4号機の使用済み核燃料の加熱・崩壊は2つの偶然で救われていた

amamu2012-03-09

 原子力発電は、冷却機能が死活問題である。冷却するための水を循環させるポンプとポンプを動かす電源が重要である。電源喪失(ブラックアウト)は、冷却機能の停止を意味する。そうなれば、暴走し、炉心溶融メルトダウン)となり、手がつけられない状態となる。海辺に設置している原発は、海水を使って冷却している。除熱のために使われた高温の海水は海に流している。だから、原発は「湯沸かし器」と呼ばれることもある。
 使用済み核燃料も、崩壊熱があり、冷やさなければならない。
 昨日の朝日新聞の一面で、4号機の使用済み核燃料の加熱・崩壊は、2つの偶然によって救われたことがわかったと奥山俊宏記者が報じている。

 東京電力福島第一原発の事故で日米両政府が最悪の事態の引き金になると心配した4号機の使用済み核燃料の加熱・崩壊は、震災直前の工事の不手際と、意図しない仕切り壁のずれという二つの偶然もあって救われていたことが分かった。


 偶然のひとつは、「1978年の営業運転開始以来初めての大工事」で、「工具を炉内に導く補助器具の寸法違いが判明。この器具の改造で工事が遅れ、震災のあった3月11日時点で水を張ったままにしていた」こと。また、もうひとつは、「核燃料プールと隣の原子炉ウェルとの仕切り壁がずれて隙間ができ」ていたため、「ウェル側からプールに約1千トンの水が流れ込んだとみられること」である。
 この「二つの偶然」がもしなかったらどうなっていたのか。
 それは、首都圏避難に他ならない*1
 記事は続く。

 水が減って核燃料が露出し加熱すると、大量の放射線放射性物質を放出。人は近づけなくなり、福島第一原発だけでなく、福島第二など近くの原発も次々と放棄、首都圏の住民も避難対象となる最悪の事態になると恐れられていた。

 アーニー・ガンダーセン氏は、この朝日新聞の記事とは関連なく別のところで、「三号機の爆発はたしかに凄絶でしたが、一番の懸念材料は四号機であり続けてきました。NRCが当時の日本政府の勧告よりも広い八0キロまでの避難を提言した理由でもあります。一九九七年に行われたブルックヘヴン国立研究所の研究によれば、四号機の使用済み核燃料プールで火災が起きれば、事故から比較的早い段階からがんによる死亡件数が最大で一三万八000件も増える可能性があるのです」と述べ、「四号機のプールには炉心数個分もの使用済み核燃料が入っています。
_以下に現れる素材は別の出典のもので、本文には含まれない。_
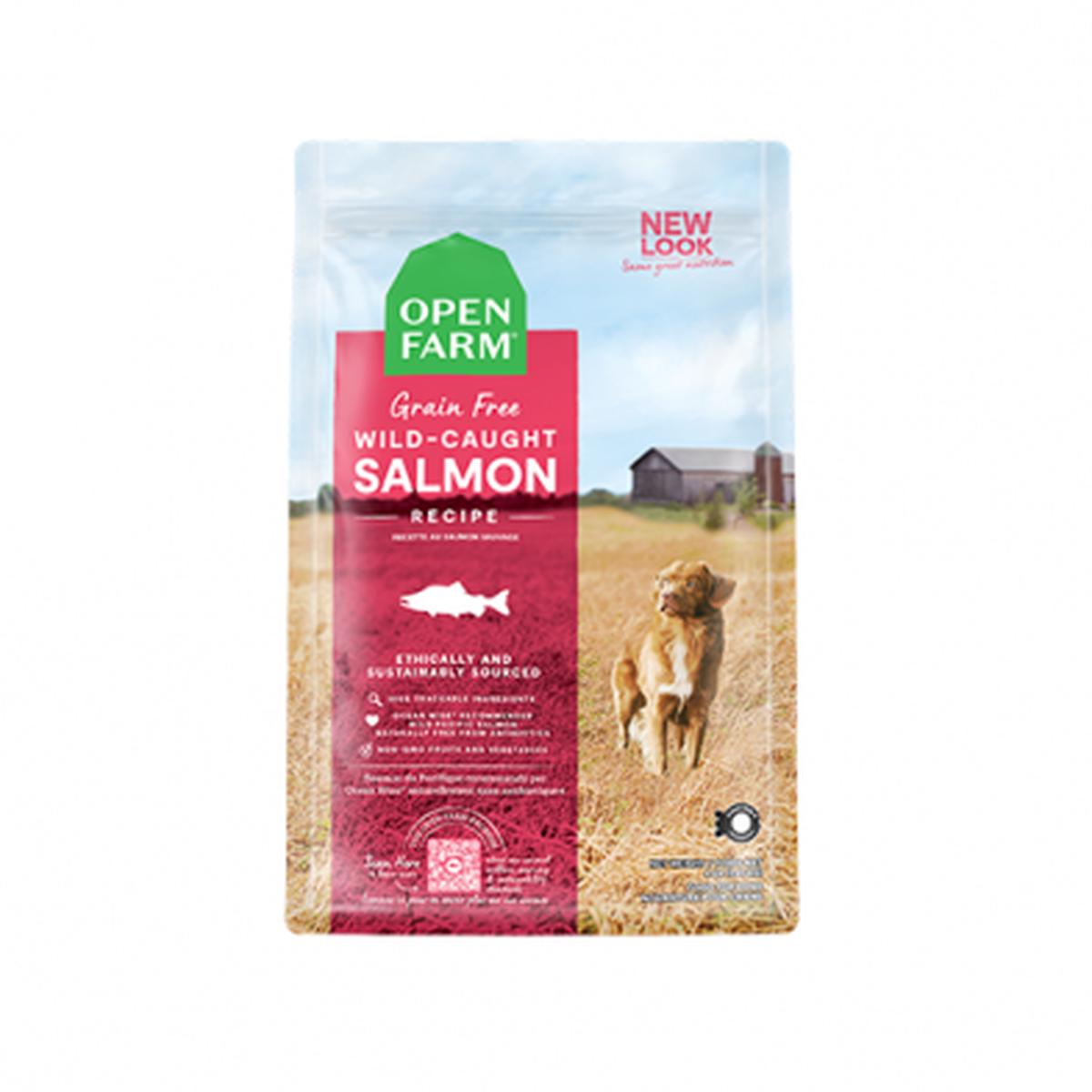 OPEN FARM WILD-CAUGHT SALMON DRY DOG FOOD 4 LB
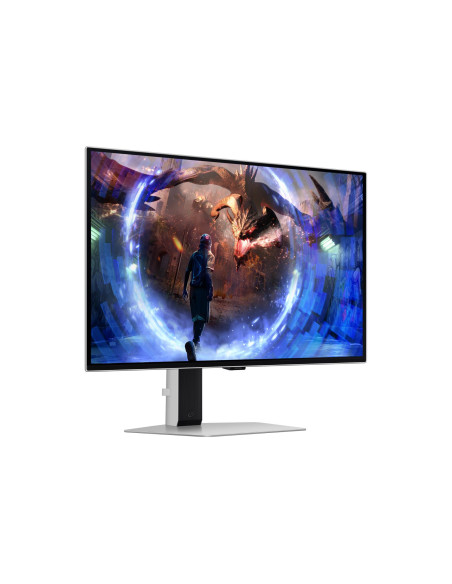 Monitor, SAMSUNG, 27 ", 2560 x 1440 pixels, Quad HD, Native aspect ratio 16:9, OLED, Flat, LS27DG602SUXEN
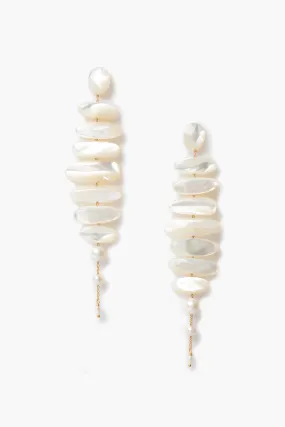 Mizumi Earrings White MOP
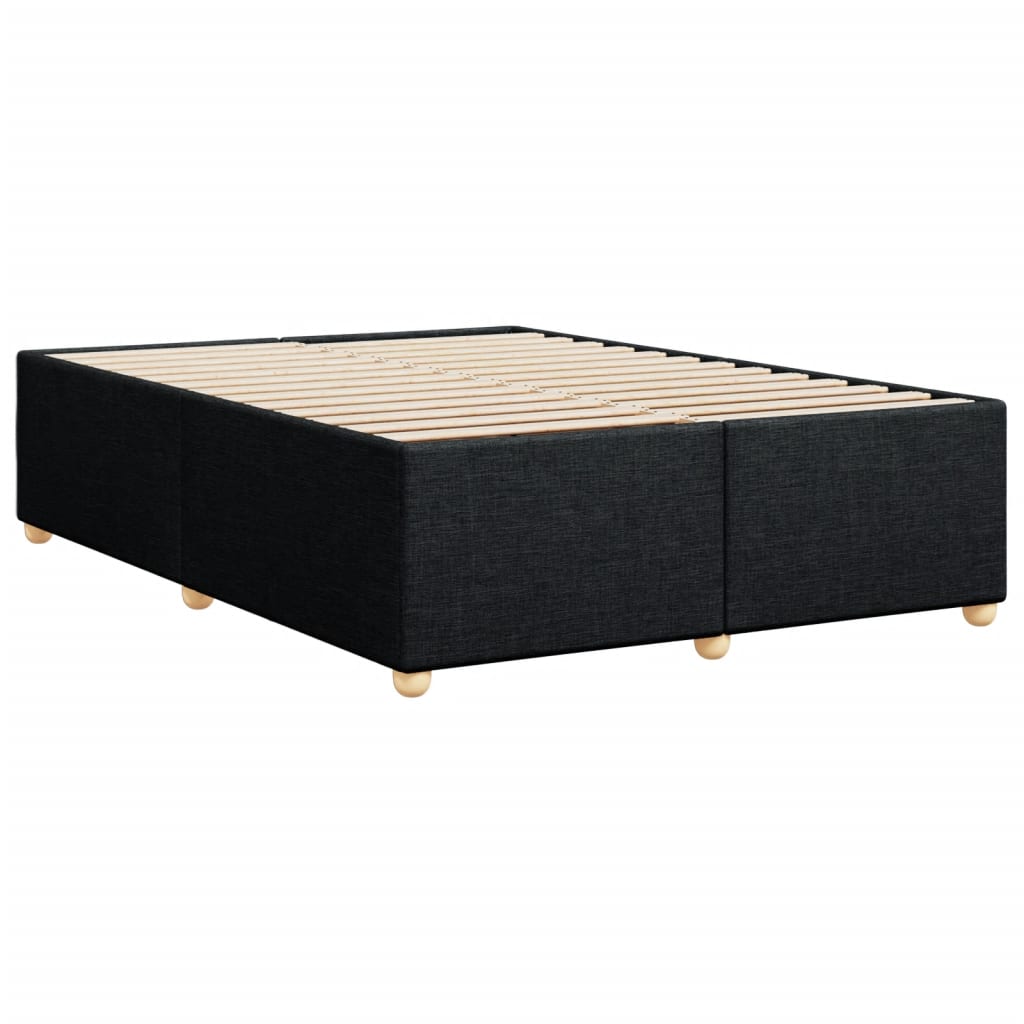 vidaXL Cadru de pat fără saltea, negru, 160x200 cm, textil vidaXL Cadru de pat fără saltea, negru, 160x200 cm, textil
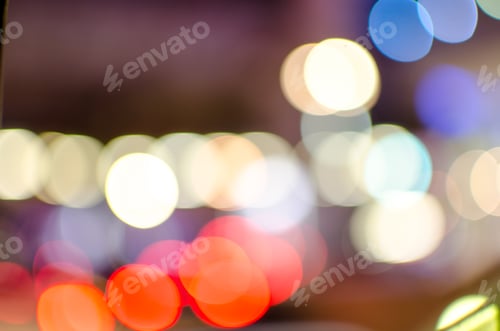Preview: Colorful bokeh background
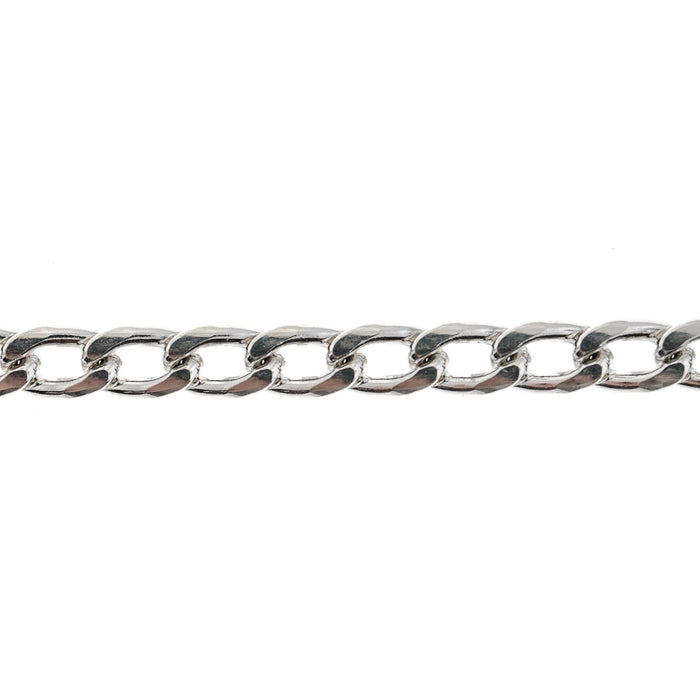 Sterling Silver 2MM Hammered Curb Chain  Myron Toback Inc. Sterling Silver 2MM Hammered Curb Chain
これは、一三カ月に一度点検のために停止する日本では一0〜一五年分、アメリカの原発では三五年分に相当します」*2と指摘している。
 もし、「想定外」の「二つの偶然」が起こっていなかったらどうなっていたのか、真剣な検証が求められる。
 

 
 
 
  

*1:アーニー・ガンダーセン氏は「大気圏内で行われた歴代の核実験で放出された量を合わせたほどの放射性セシウムが、四号機のプールには眠っています。原子炉は原子爆弾よりはるかにたくさんの放射能を抱えているのです。四号機の使用済み核燃料プールは、今でも日本列島を物理的に分断する力を秘めています」と「福島第一原発 ー真相と展望」の中で述べている。